Assignment: For each entry, restate it word for word while omitting any image it holds.

Provided data:

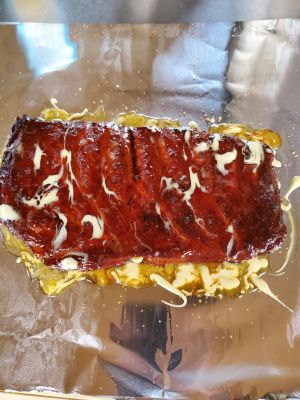 A close-up image of a person holding a delicious bacon sandwich, ready to enjoy.
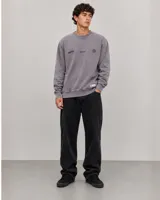 Buzo oversize de cuello redondo en color gris, con diseño estampado en el frente que incluye logotipos y texto. Presenta puños y ruedo acanalados, con una pequeña etiqueta decorativa en la parte inferior.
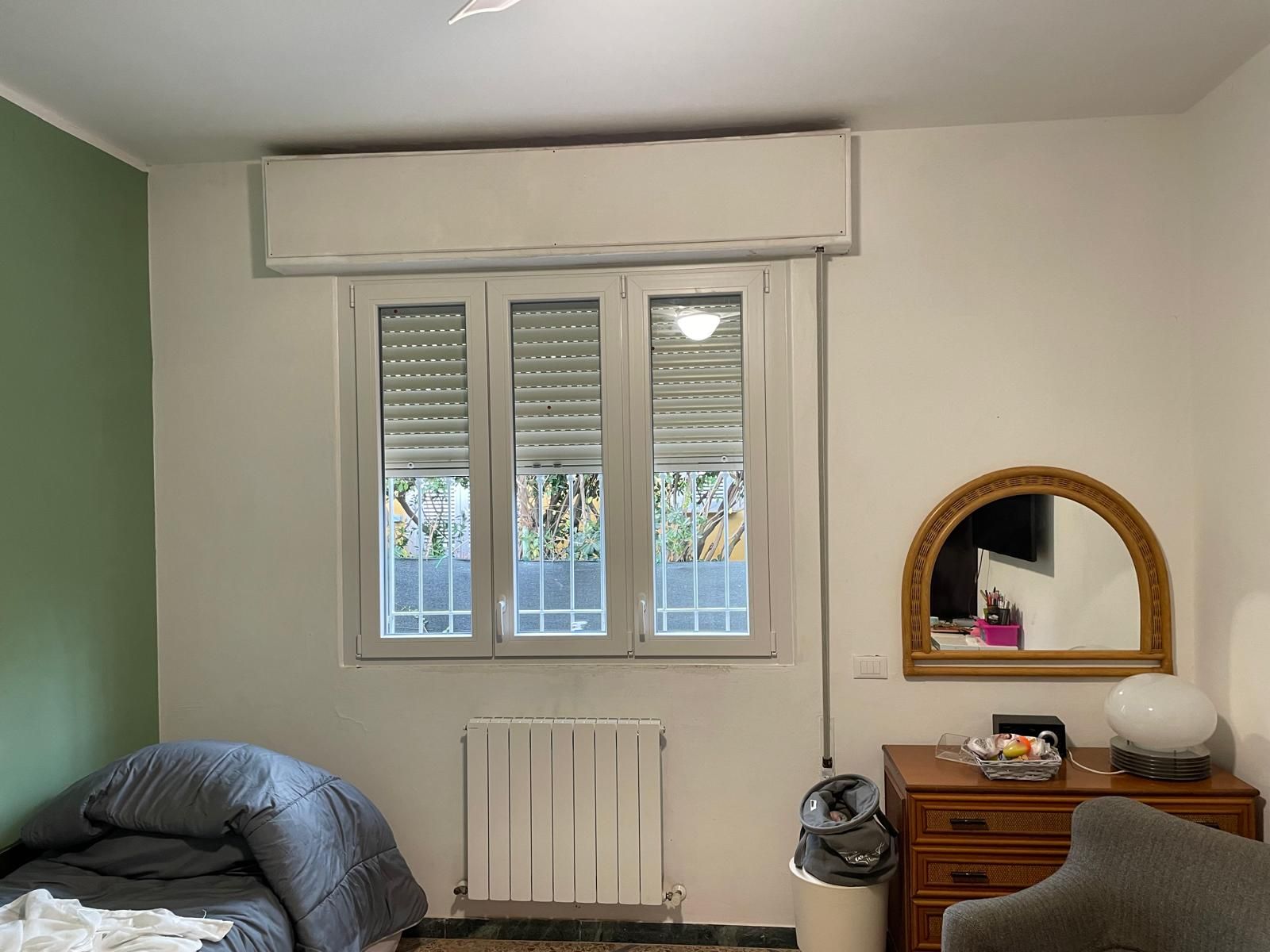 Camera da letto con finestra, aria condizionata, letto, termosifone, cassettiera, specchio e cestino.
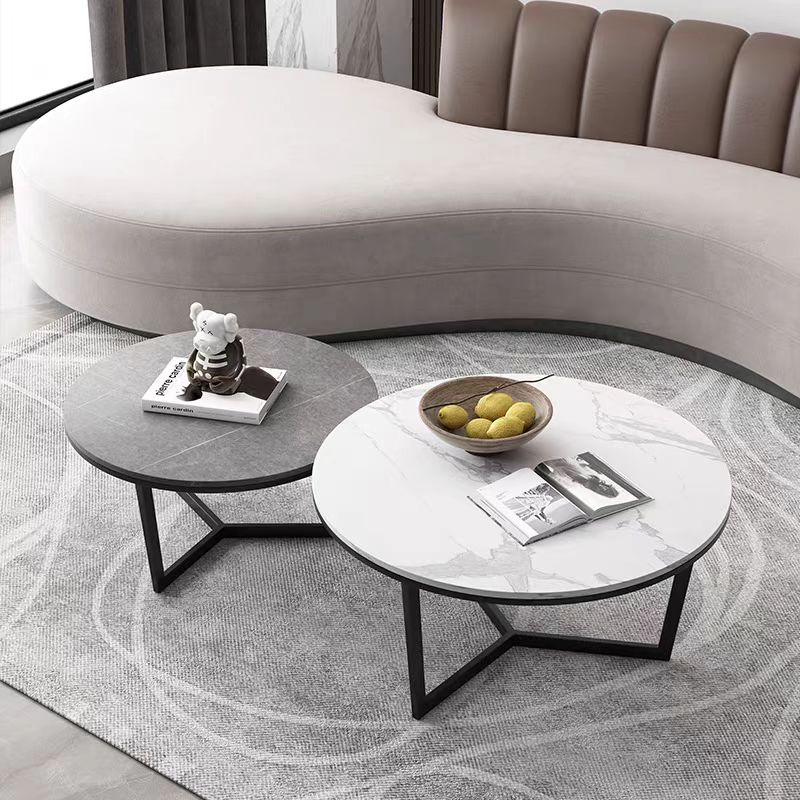 2-Piece Round Nesting Coffee Table Set with Two-Tone Stone-Effect Tops and Black Metal Cross Base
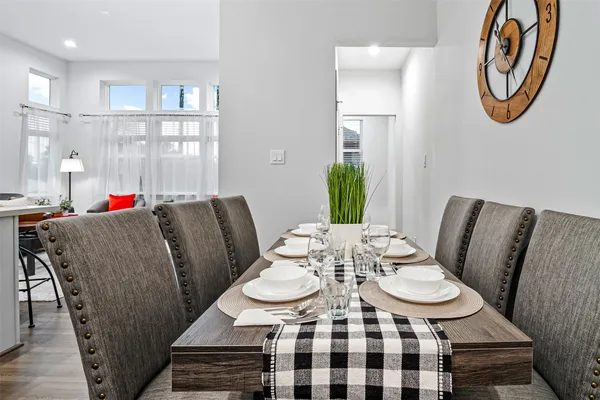 a view of a dining room with furniture window and wooden floor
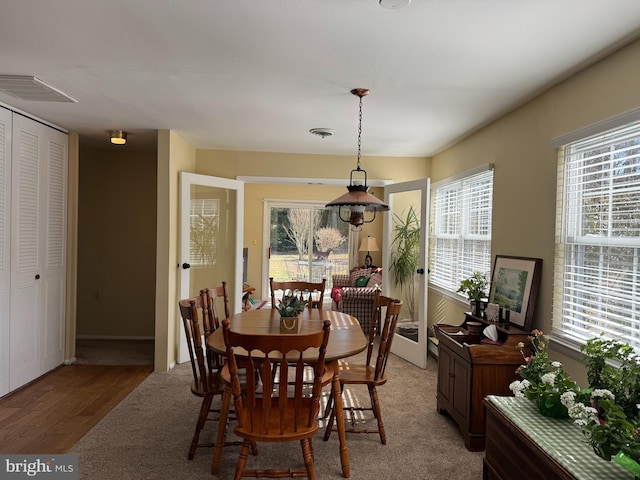 dining room with light wood-type flooring and visible vents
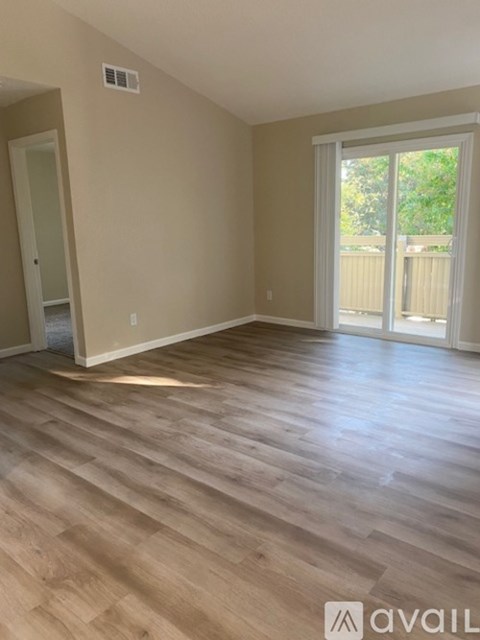 A room with wooden flooring and a sliding glass door leading outside.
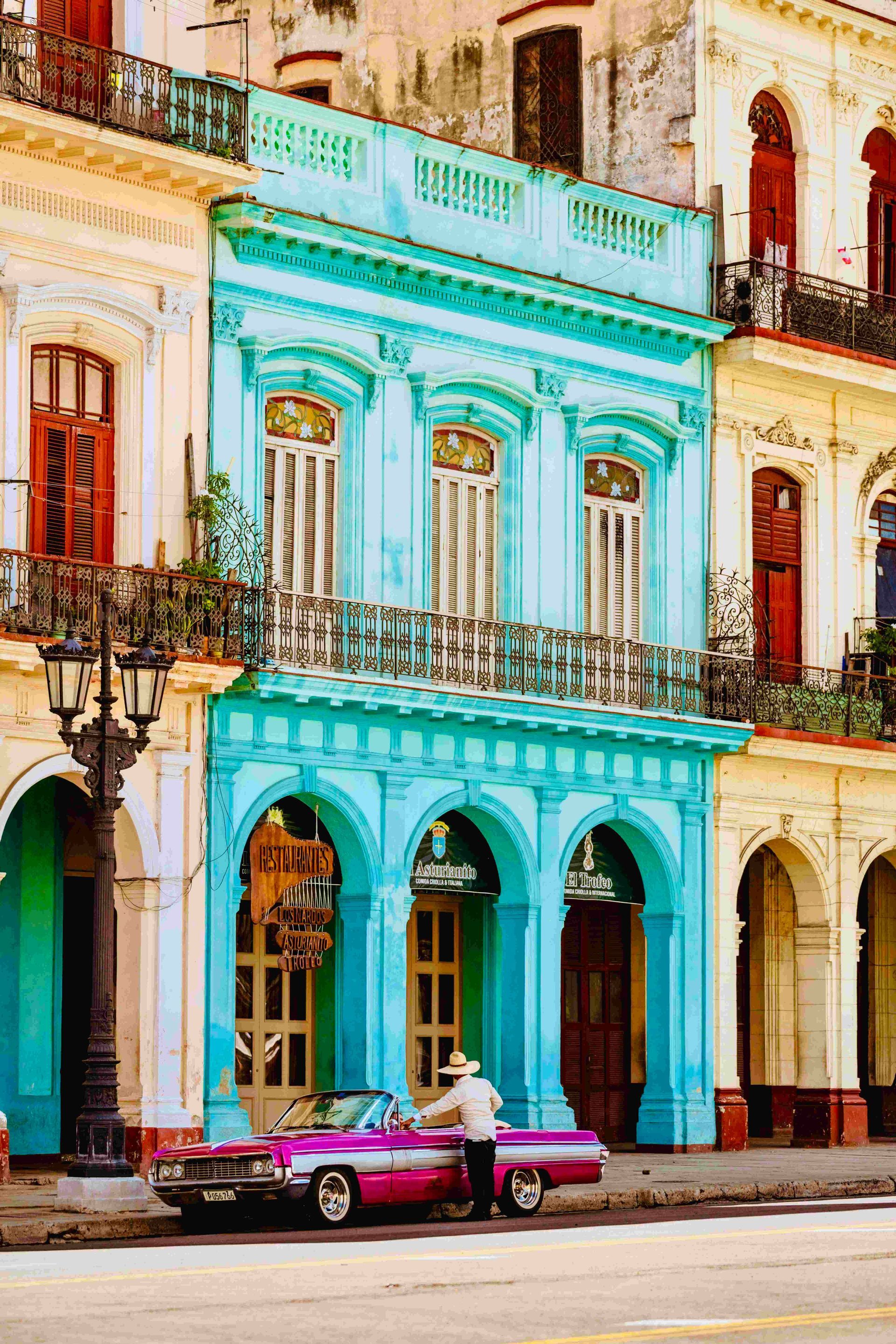 Una persona con sombrero de paja junto a un coche descapotable rosa vintage, aparcado frente a edificios coloridos y ornamentados con balcones.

Result of the task:
 A close-up image of a person holding a delicious bacon sandwich, ready to enjoy.
 Buzo oversize de cuello redondo en color gris, con diseño estampado en el frente que incluye logotipos y texto. Presenta puños y ruedo acanalados, con una pequeña etiqueta decorativa en la parte inferior.
 Camera da letto con finestra, aria condizionata, letto, termosifone, cassettiera, specchio e cestino.
 2-Piece Round Nesting Coffee Table Set with Two-Tone Stone-Effect Tops and Black Metal Cross Base
 a view of a dining room with furniture window and wooden floor
 dining room with light wood-type flooring and visible vents
 A room with wooden flooring and a sliding glass door leading outside.
 Una persona con sombrero de paja junto a un coche descapotable rosa vintage, aparcado frente a edificios coloridos y ornamentados con balcones.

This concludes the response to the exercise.